---
title: "Fusion of Powers — AP Comp Gov Definition & Exam Guide"
description: "Fusion of powers means the executive comes from and answers to the legislature, as in the UK's parliamentary system. Core to AP Comp Gov Topic 2.1."
canonical: "https://fiveable.me/ap-comp-gov/key-terms/fusion-of-powers"
type: "key-term"
subject: "AP Comparative Government"
unit: "Unit 2"
---

# Fusion of Powers — AP Comp Gov Definition & Exam Guide

## Definition

Fusion of powers is the defining feature of parliamentary systems like the UK, where the executive (prime minister and cabinet) is drawn from the legislature and stays in power only as long as it keeps the legislature's support, combining lawmaking and executive functions in one institution.

## What It Is

Fusion of powers means the executive and legislative branches are merged rather than kept separate. In a [parliamentary system](/ap-comp-gov/unit-2/legislative-systems/study-guide/jVV3UhFXUHIa31HAvINr "fv-autolink"), the [head of government](/ap-comp-gov/key-terms/head-of-government "fv-autolink") (the prime minister) is not elected separately by voters. Instead, the prime minister is a member of the legislature, chosen by the legislature, and removable by the legislature. The cabinet is also pulled from the legislature. So the same group of people who write laws also run the government that carries them out.

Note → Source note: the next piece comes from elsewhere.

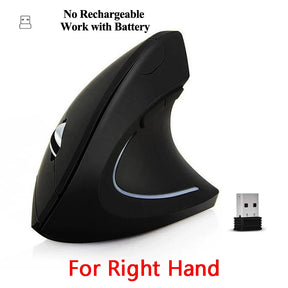 Mouse Vertical Ergonômico Recarregável - Bluetooth e 2,4GHz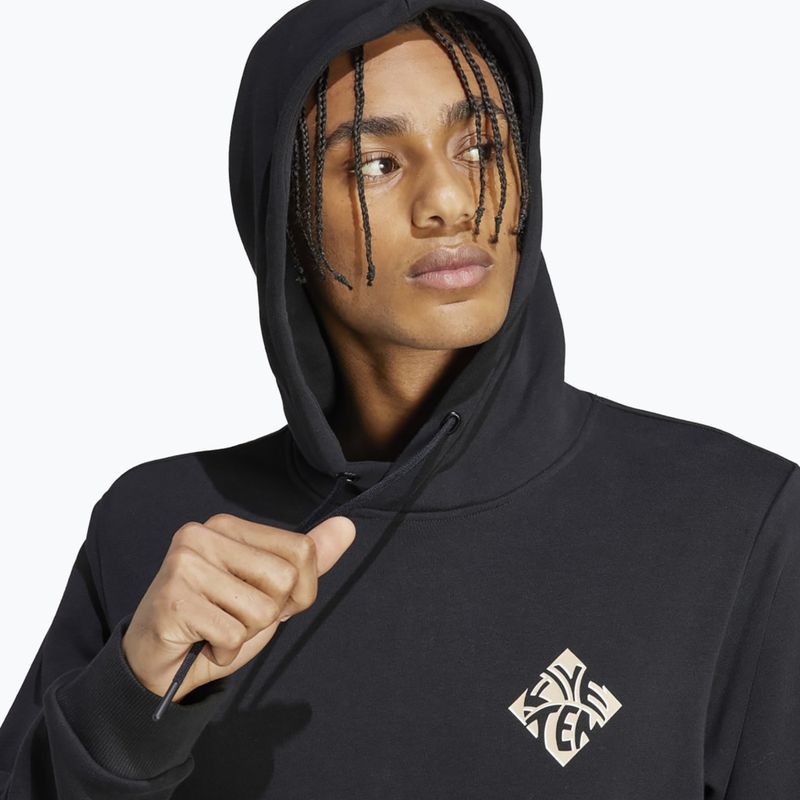 Bluză de ciclism pentru bărbați adidas FIVE TEN Graphic Hoodie black / savannah 5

The CED puts it plainly in PAU-3.A.1. Parliamentary systems like the United Kingdom "combine the lawmaking and executive functions," which lets the [national legislature](/ap-comp-gov/unit-2/parliamentary-presidential-semi-presidential-systems/study-guide/lHawA1movmFiqMkf2WJ0 "fv-autolink") select and remove the head of government and cabinet. Think of it this way. In the UK, voters elect Parliament, and Parliament produces the government. The prime minister leads because their party (or coalition) controls a majority in the House of Commons. Lose that majority, or lose a vote of no confidence, and the prime minister is out, no general election required. Power flows through the legislature, not around it.

## Why It Matters

Fusion of powers lives in **Topic 2.1 (Parliamentary, Presidential, and Semi-Presidential Systems)** in **[Unit 2](/ap-comp-gov/unit-2 "fv-autolink"): Political Institutions**, supporting learning objective **2.1.A**, which asks you to describe parliamentary, presidential, and semi-presidential systems. This is one of the highest-leverage comparisons in the entire course because it sorts your six course countries into structural categories. The UK is fused. Mexico and Nigeria are presidential, with separate fixed-term [elections](/ap-comp-gov/key-terms/elections "fv-autolink") and a clear separation of powers. Russia is semi-presidential, mixing both. Once you understand fusion of powers, a whole chain of consequences makes sense. It explains why a UK prime minister with a solid majority can pass legislation fast, why there's no real gridlock between branches, why votes of no confidence exist, and why the legislature (not voters directly) decides who governs. The exam loves cause-and-effect questions built on exactly this logic.

## Connections

### [British prime minister (Unit 2)](/ap-comp-gov/key-terms/british-prime-minister)

The PM is fusion of powers in human form. They are simultaneously a member of [Parliament](/ap-comp-gov/key-terms/parliament "fv-autolink"), the leader of the majority party in the Commons, and the head of government. Their job exists only because Parliament's confidence keeps them there.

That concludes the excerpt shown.